Cette évocation d'Augustin à propos de Descartes est d'autant plus importante qu'un certain nombre de contemporains et de lecteurs ultérieurs de Descartes lui ont et se sont demandé s'il n'avait pas puisé son « Je pense, donc je suis » chez Augustin. Celui-ci propose en effet, dans le livre XI (ch. 26) de La Cité de Dieu, de déduire l'existence de la pensée. Dès 1637, Mersenne a noté l'analogie entre le cogito de Descartes et ce passage de saint Augustin. Descartes, lui-même, a nié connaître cette pensée chez Augustin : « Vous m'apprenez les endroits de saint Augustin qui peuvent servir pour autoriser mes opinions », écrit-il au Père Mesland en 1644. Mais avant lui, plusieurs personnes lui avaient déjà posé la question. En même temps, il niera que son système puisse être assimilé à la pensée augustinienne.
Depuis, les historiens de la pensée n'ont cessé de se demander pourquoi Descartes n'a jamais reconnu avoir été directement influencé par les écrits de l'auteur des Confessions. Geneviève Rodis-Lewis, quant à elle, pense que « loin d'avoir pu recueillir l'écho d'un augustinisme ambiant, Descartes aurait permis à ses contemporains de retrouver l'originalité métaphysique du penseur d'Hippone, dans ses affinités avec la démarche cartésienne. » Ce qui vient appuyer cette hypothèse, c'est le fait que la seconde moitié du XVII siècle verra une alliance entre l'augustinisme et le cartésianisme, mais strictement limitée aux perspectives du dernier système.
D'une manière plus générale, on peut remarquer là la constance du questionnement philosophique. L'évolution philosophique peut se décrire moins comme une nouveauté des questions que comme la nouveauté de leur agencement les unes par rapport aux autres.

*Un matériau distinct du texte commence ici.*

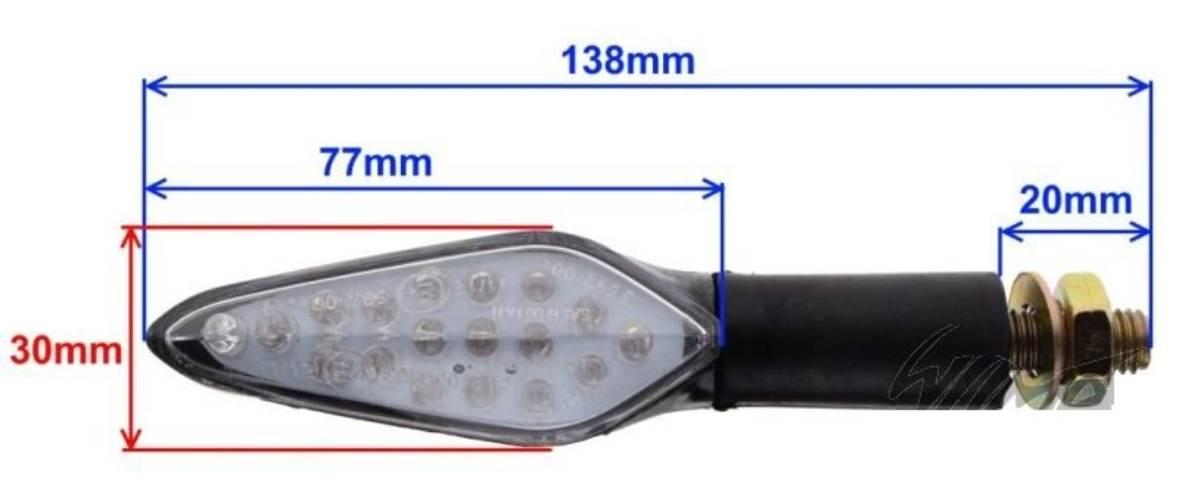 Kierunkowskaz carbon biały klosz led | AM1424 - zdjęcie 2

La question de Dieu, centrale dans les Confessions ou La Cité de Dieu, est toujours très présente chez Descartes. Pourtant, il y a chez Descartes un retournement logique. Chez Augustin, c'est de Dieu que l'on déduit la pensée et la réalité, alors que chez Descartes, il s'agit de fonder l'existence de Dieu sur une déduction logique et rationnelle.